Between Cuba and New York : Maria Irene Fornes’s Sarita and Letters from Cuba

Authors

HAVRANOVÁ Katarína

Year of publication 2018
Type Appeared in Conference without Proceedings
MU Faculty or unit

Faculty of Arts

Citation
Description The use of tableau-like still images on stage is a typical feature of Maria Irene Fornes’s dramatic composition. These are rigorously composed, brief, lyrical scenes with profound affective content. I argue that these scenes owe their power to a unique spatial organization of stage. In Fornes’s stage composition, intimate spaces reflecting characters’ states of mind interweave with geographical spaces, which often refer to different, even geographically distant locations. By doing so, Fornes places her characters at the crossroads of cultures. I propose to examine plays in which the story takes place in or recalls the memory of those places that were Fornes’s two homes: New York City and Cuba.
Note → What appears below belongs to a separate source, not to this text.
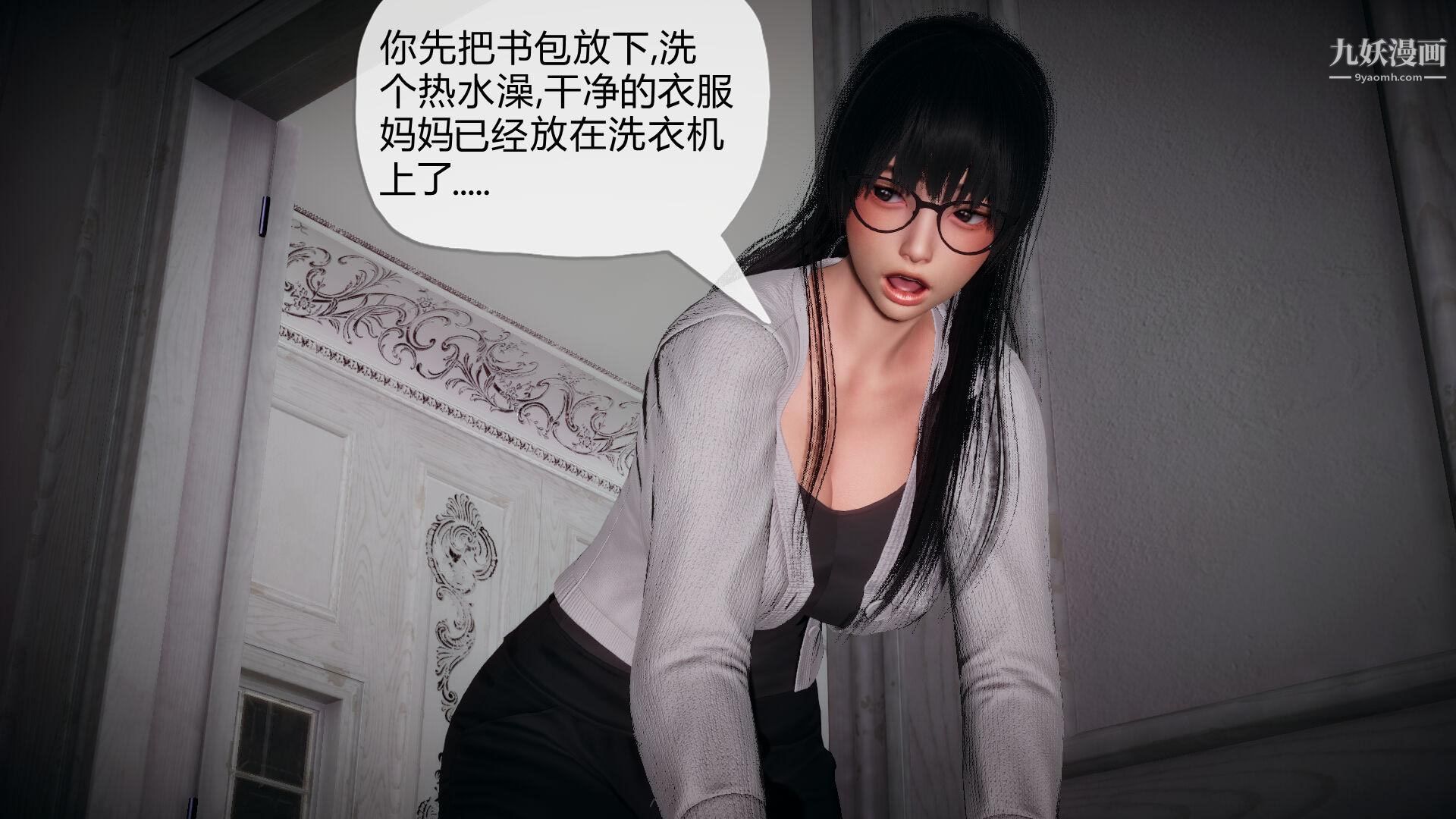 催眠契约录之母亲篇[3D]第01话【第03话】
In Sarita (1984), characters struggle with a sense of alienation either as Cuban exiles in America, who feel an overwhelming longing for their homeland, or as second-generation Cubans in America, who need to come to terms with the burden of their Cuban identity. In Letters from Cuba (2000), Fornes’s last and most personal piece, the story unfolds simultaneously in New York and Cuba and exposes two worlds torn apart by the Castro regime and Cold War politics. I will focus on how the composition of stage space shapes the different experiences of being in a place and belonging in a place in these plays.